As the Wizards head back to Atlanta holding a 3-2 series edge, there is little the Hawks are doing to surprise Brooks anymore. Likewise, Atlanta has had time to figure out Washington on defense, and Howard is playing better after a revitalization on his home court. Gortat started the series with consecutive 14-point performances in Games 1 and 2 before he scored just nine points in the past three games combined.
Even without Gortat scoring in double digits, the Wizards have praised their center for contributing on defense — particularly so on Wednesday night, one of the stronger defensive outings for the team in the entire series.
While he scored just two points in Washington’s Game 4 loss in Atlanta on Monday, Gortat pulled down a game-high 18 rebounds and led the team with three blocks. He had nine rebounds the previous game.
“I mean, everybody wants to feel involved on the offensive end, I get that — I was frustrated for 11 years playing — but it’s part of being a team, you’ve got to sacrifice,” Brooks said when asked if Gortat feels any frustration over his lack of output. “There’s gonna be games, there’s gonna be series that, the way teams are scheming, you might not get looks. They’re not giving Otto any air space on the three-point line, and they shouldn’t, he’s one of the best three-point shooters in the league. You think John or myself only want to give Otto two or three threes? I want Otto to shoot 10 threes a game. But they’re not giving those opportunities. And they shouldn’t. And the same thing with Marc. But it’s about doing other things to help your team win, and I think he’s done a good job doing that defending, rebounding, setting screens, just being a guy that can clog the paint.
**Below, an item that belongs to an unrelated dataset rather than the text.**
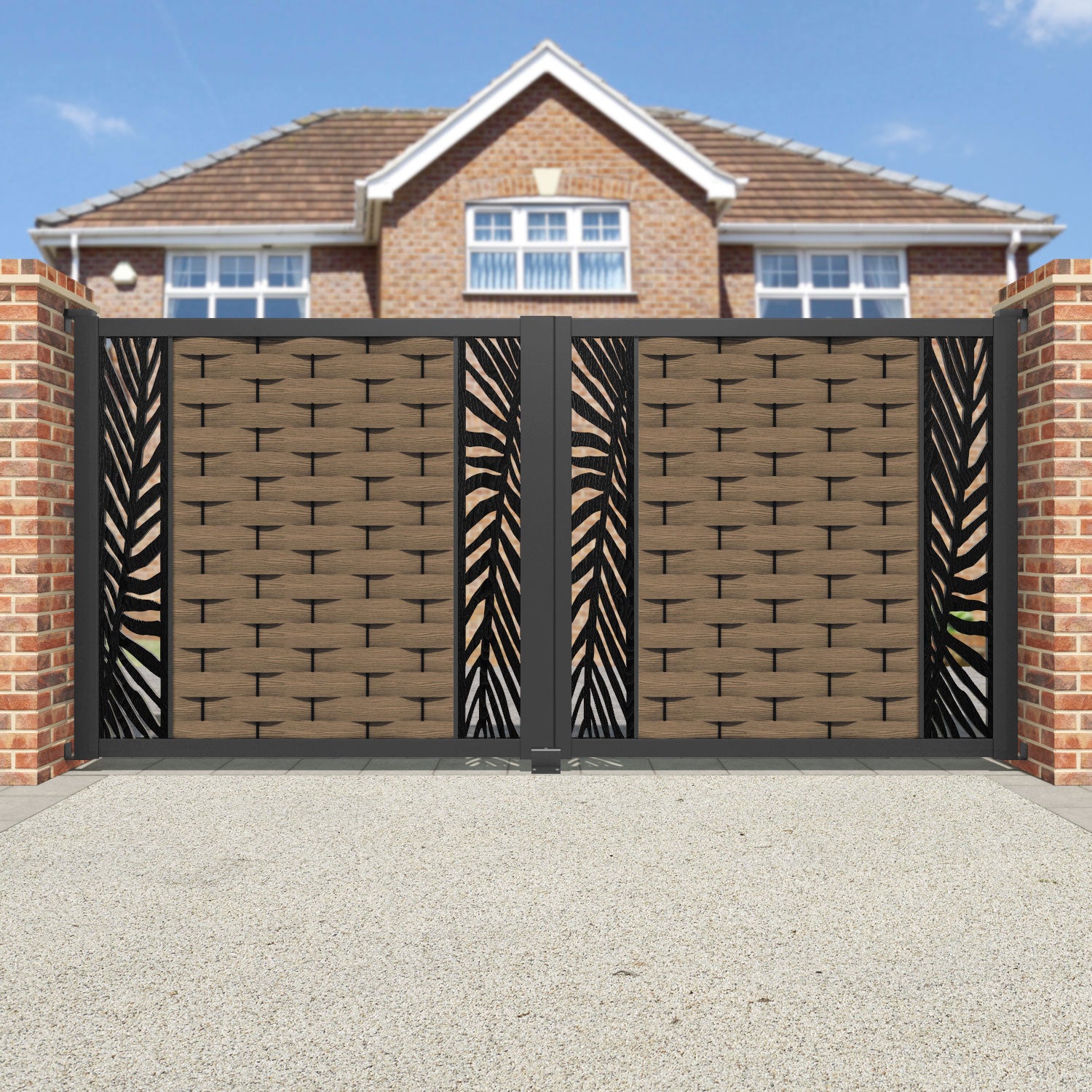 Ripple Palm Straight Top Driveway Gate - Teak - Middle & End Screen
“The scoreboard is more important than his stat line, and that’s how I feel with all the guys. We had four more points than them, and he’s a big part of those four points.”
No. 3: Clippers focused on next win, not their looming demise — Once Blake Griffin was lost for the playoffs after Game 3, it became en vogue to question the LA Clippers’ roster future. When the Clippers lost Game 5 at home on Tuesday, that put them in a 3-2 series hole to the Utah Jazz and talk about their future got louder. As Game 6 of the series looms tonight (10:30 ET, ESPN), the Clippers have basically tuned all that out. Bill Oram of the Orange County Register has more:
Trailing three games to two in the best-of-7 series, L.A. must win Friday or Chris Paul, Blake Griffin and J.J. Redick sail into free agency, sloshing through the wake of another inexplicable playoff exit.
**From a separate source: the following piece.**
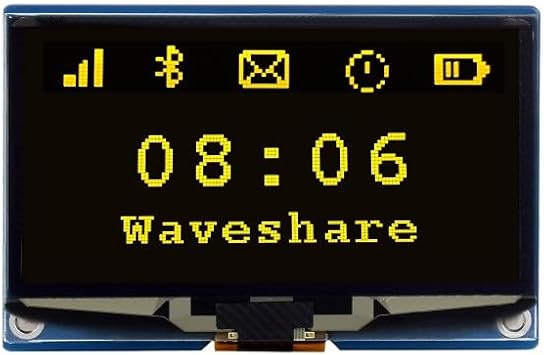TUOPUONE 2.42inch OLED Display Module Compatible with 12864 Resolution SPI / I2C Communication Options for Yellow Color GH1.25 7Pin Connector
Talk about your brief strolls.
However, Rivers said that’s not what weighs on his mind going into Friday’s Game 6 at Vivint Smart Home Arena, nor on those of the players who have endured one playoff disappointment after another.
“We don’t think about the story,” Rivers said dismissively. “We think about the process. Our job is to go in thinking about what we have to do better.”
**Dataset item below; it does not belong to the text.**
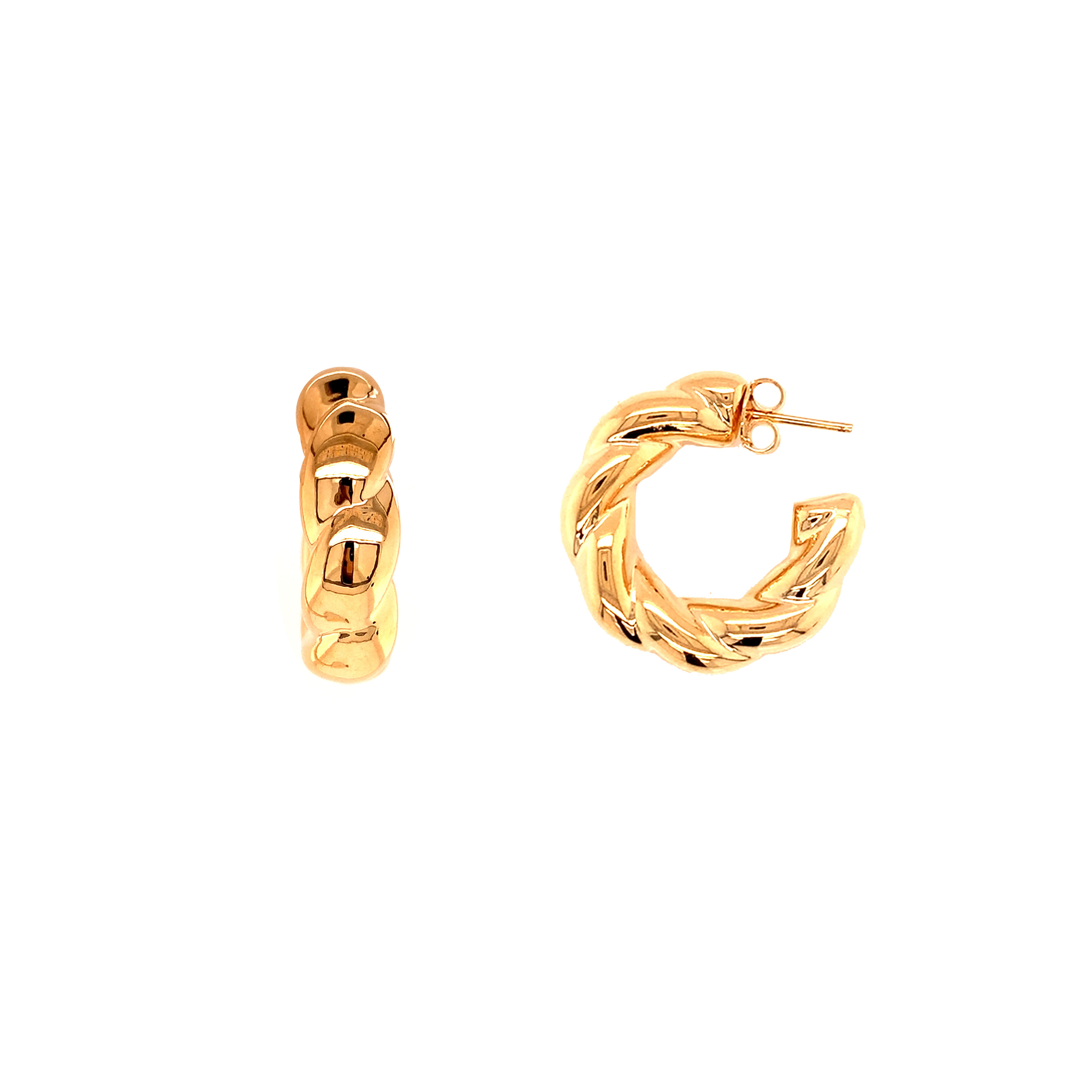 8mm x 30mm Twisted Hoop - Gold Filled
In NBA history, the team with a 3-2 advantage wins the series 84.4 percent of the time.
“What does that have to do with these guys?” Rivers said.
He added that “guys don’t don’t think about that crap,” although he’s probably wrong about that.
“Jamal (Crawford) and I were recounting the times in our career where we’ve been down 3-2 and won the series,” J.J. Redick said. “Not just here, but in Atlanta (for Crawford) or Orlando (for Redick). It’s happened before, so I’ve been a part of that 20 percent.”
The Clippers and Jazz were deadlocked after two games and four games. Will they return home for a Game 7, knotted at 3-3?
“You can’t go up to Utah to win two games,” Redick said. “You can’t win two games tomorrow. We only have to win one game tomorrow. That’s all we have to do. … The task of winning one game is a little less daunting than the task of winning two games at once.”
…
Redick said a playoff series is a game of “micro-adjustments” rather than major narrative swings.
“You can’t think about any other option,” Redick said. “That’s really our only choice, I guess, is just to put everything into tomorrow and then we’ll worry about preparation on Saturday for Sunday’s game.”
No. 4: No disgrace in Grizzlies’ Game 6 loss — The Memphis Grizzlies had a Game 7 all but put in pen on the calendar last night, only to watch it disappear behind the San Antonio Spurs’ tandem of Kawhi Leonard and Tony Parker. Memphis’ playoff run is done, but what a run it was and, as Geoff Calkins of The Commercial Appeal writes, this season and playoff showing was something to be proud of:
There will be no Game 7. There will be no more games at FedExForum. The Spurs took care of that by rallying to defeat the Grizzlies, 103-96.
“It’s hard, the season’s over,” said Grizzlies center Marc Gasol. “It’s going to be one of those nights, a long, long night where the game keeps replaying in your head. You’re going to go over every play about a thousand times. When you try to close your eyes, whatever that time is, it’s going to keep replaying in your head.”
…
“We had the game in our hands,” said Gasol. “We were getting ready to travel tomorrow and getting ready to play, in our minds, Game 7.”
And then?
The Grizzlies gave up too many (16) offensive rebounds. Gasol didn’t take a single shot in the fourth quarter.
Said Grizzlies coach David Fizdale, by way of explanation: “Turnovers, bad possessions offensively, mental mistakes defensively.”
…
The Spurs have now bounced the Grizzlies from the playoffs four times. They are the better, deeper, more talented team.
Beyond that, the Grizzlies were missing Tony Allen and Chandler Parsons, an original member of the Core Four and the max player who was supposed to put the Grizzlies over the top.
So the Grizzlies took on the Spurs with two rookies (Andrew Harrison and Wayne Selden) playing significant minutes, and with 40-year-old Vince Carter starting at the wing.
And the Grizzlies still gave the Spurs everything they could handle, in large part because Conley played the games of his life. Conley scored another 26 points Thursday, the fifth straight game in which he scored at least 20 points.
“Every night I would close my eyes and envision this from Mike Conley when I thought about our team,” Fizdale said. “I think he showed people in this playoffs. He’s a big-time player that’s not afraid of the moment, that loves competition.”
Said Popovich: “Mike Conley has always been a heck of a player, he has never gotten his due. He’s been the most underrated point guard in the league for a while. Everybody talks about point guards and they mention four or five guys and it’s always the same guys. But this kid has a high basketball IQ, he shoots it, he drives it, he passes, he runs his team, he’s incredible.”
It must be satisfying for Conley to hear those sorts of compliments. He has fought for the smallest scraps of recognition for ever so long. But in the wake of Thursday’s loss, Conley was less interested in hearing what other people said about him than he was in saying some things about his team.
“It was a pleasure to play with a group that really leaves it out there like that,” he said. “I left everything I had out there and I know my teammates did the same. It’s been such a pleasure to play with guys like that, knowing that not only myself but everyone else is laying it on the line. It’s exhausting, but it’s worth it.”